The Least You Need to Know




    The Least You Need to Know
    by Lee Martin
    Sarabande Books, Inc,
    175 pages



    In his collection of stories, The Least You Need To Know, Lee Martin explores loss of innocence and the harsh truths of growing up and growing old. His characters are funny, tragic, often weak and heartbreakingly human. Most of the stories are set in the late fifties and early sixties, the era of the Civil Rights movement and embrace the turbulent feelings of the time.

    Five of the seven stories in the collection take on the theme of the adolescent boy coming of age and coming into conflict with his parents and their moral failings. Martin's teenage narrators find themselves caught between their parents, who each want different things from their sons. Although the themes are similar, each story provides a different take on what it means to grow up. Martin gives us adulthood as seen through the eyes of characters who are not quite there yet and who proceed toward manhood with trepidation.

    The fathers in Martin's stories are charming, weak, vain men who work at objectionable, often disgusting jobs. In the title story "The Least You Need to Know," Perry, the narrator, tries to impress friends by telling them about his father's job cleaning up crime scenes. In other stories, one father is an undertaker, another works in a slaughterhouse, and still another sells goods to poor Blacks on credit, charging enormous interest.

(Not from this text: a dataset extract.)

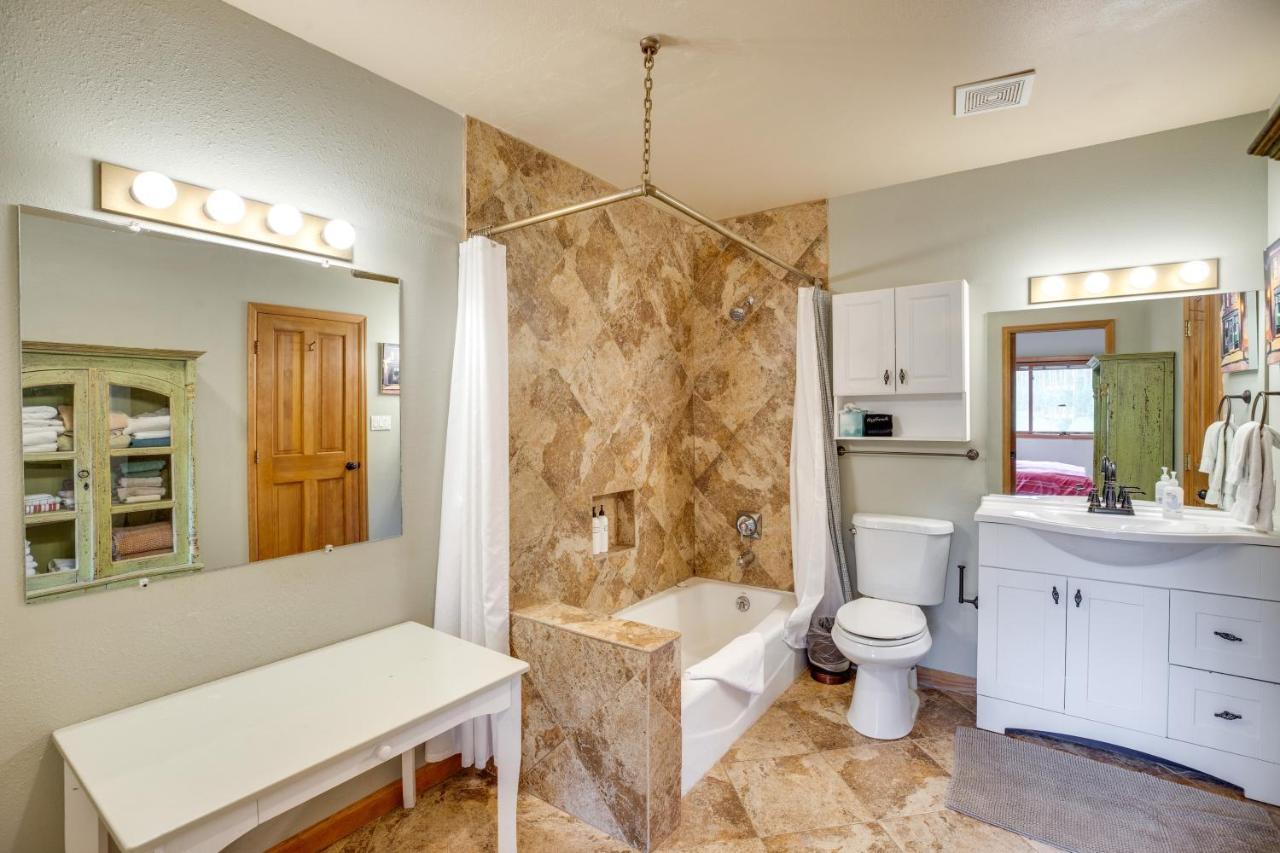 Mountain Village Home Steps To Ski Lift And Shuttle! Telluride Esterno foto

    The mothers are women bored with their marriages and lives, trying to hang onto youth by dressing in glamorous clothes, taking up strange hobbies and engaging in dangerous flirtations. In "The Welcome Table," set in Nashville during the Civil Rights era, a woman combats the decline of her looks and the deterioration of her world with "eggshell art," painting miniature scenes of perfect harmony inside the fragile shells. In "The End of Sorry," Joe's mother is about to embark on an affair with Lyle King, the county tax assessor, an Oldsmobile driving dandy drenched in Old Spice.

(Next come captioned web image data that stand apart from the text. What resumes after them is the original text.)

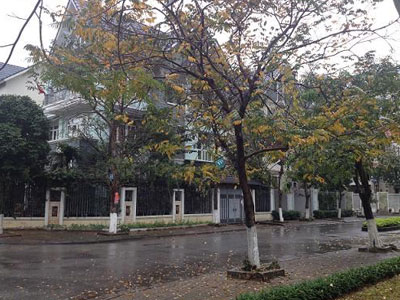 Miền Bắc tiếp tục có mưa trên diện rộng
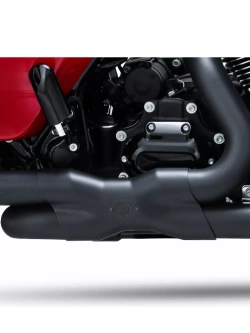 Kolektor wydechowy Vance & Hines Power Duals 16371 Harley Davidson (wybrane modele)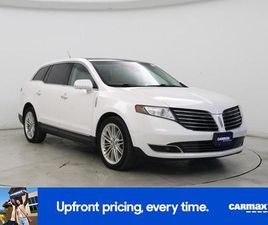 USED 2017 LINCOLN MKT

    In the face of his parents' increasing ridiculousness and shame, each young man is asked to stand by them or do what is right, often with painful results. In "Light Opera," Perry must decide if he is going to support his father in a lie that will damage the reputation of another man. In "The Price is the Price," Mr. Salk paints swastikas on his own storefront and expects his son, Sam, to keep his secret for what he believes will be the greater good (which may just include fattening his own bank account).

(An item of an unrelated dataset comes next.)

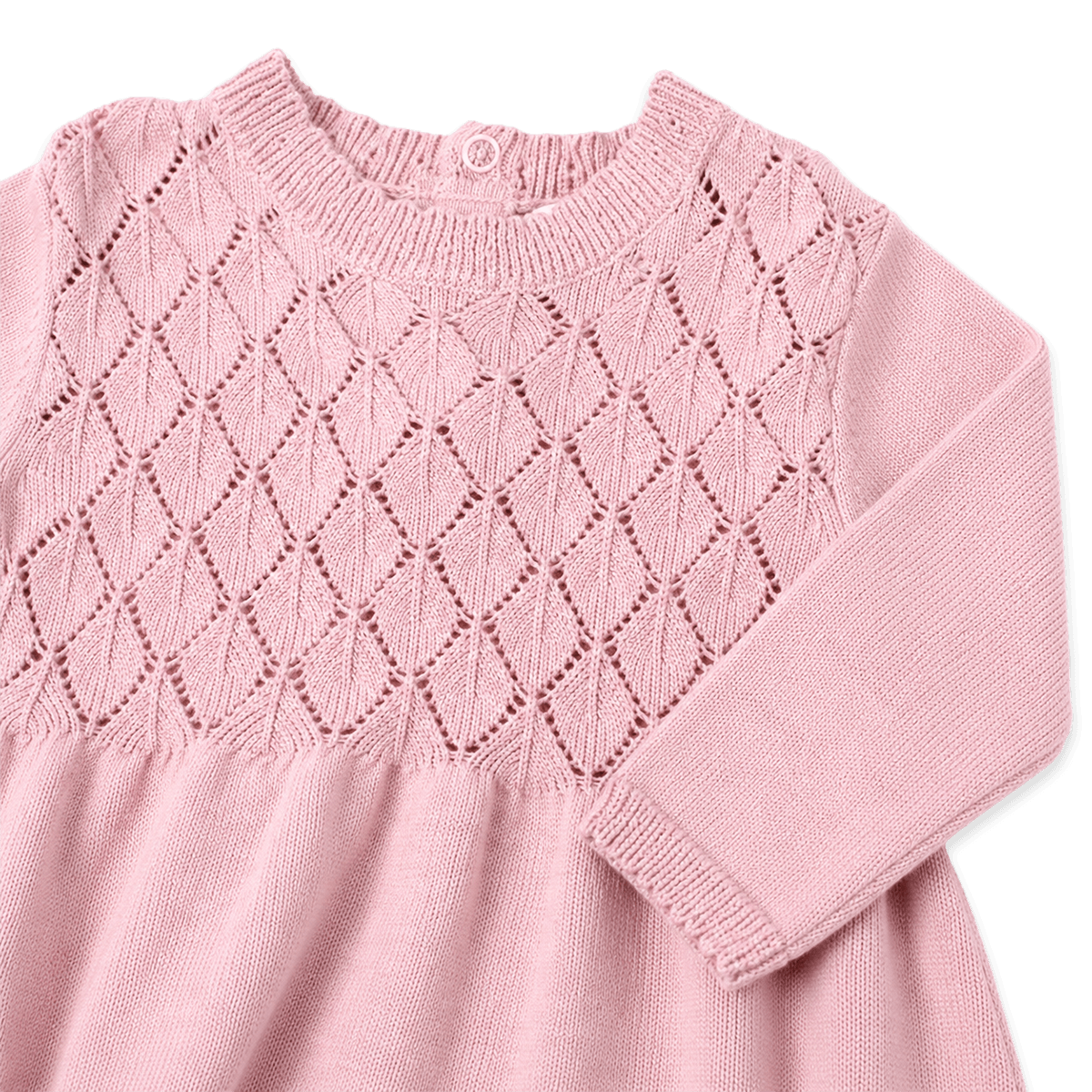 Sweater Knit Baby dress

    The two remaining stories, "Small Facts," and "Secrets," seem to be a departure from the other stories. In "Small Facts," Fern App marries Glen Hobb for fear of remaining single for life, only to find that marriage is not what she hoped for and that there are fates worse than spinsterhood. In "Secrets," perhaps the most beautiful story in the collection, an elderly couple comes to terms with the fleetingness of time and mortality which will bring an end to their love built on a lifetime together. These stories fit the collection nicely because they are also about making choices and losing innocence, which Martin demonstrates, can sometimes prevail into old age.

    Lee Martin's gentle prose style and his ability to turn his plot on a dime, combined with a sense of humor and an appreciation for the tragedy of being human, make The Least You Need To Know worthy of high praise and re-reading.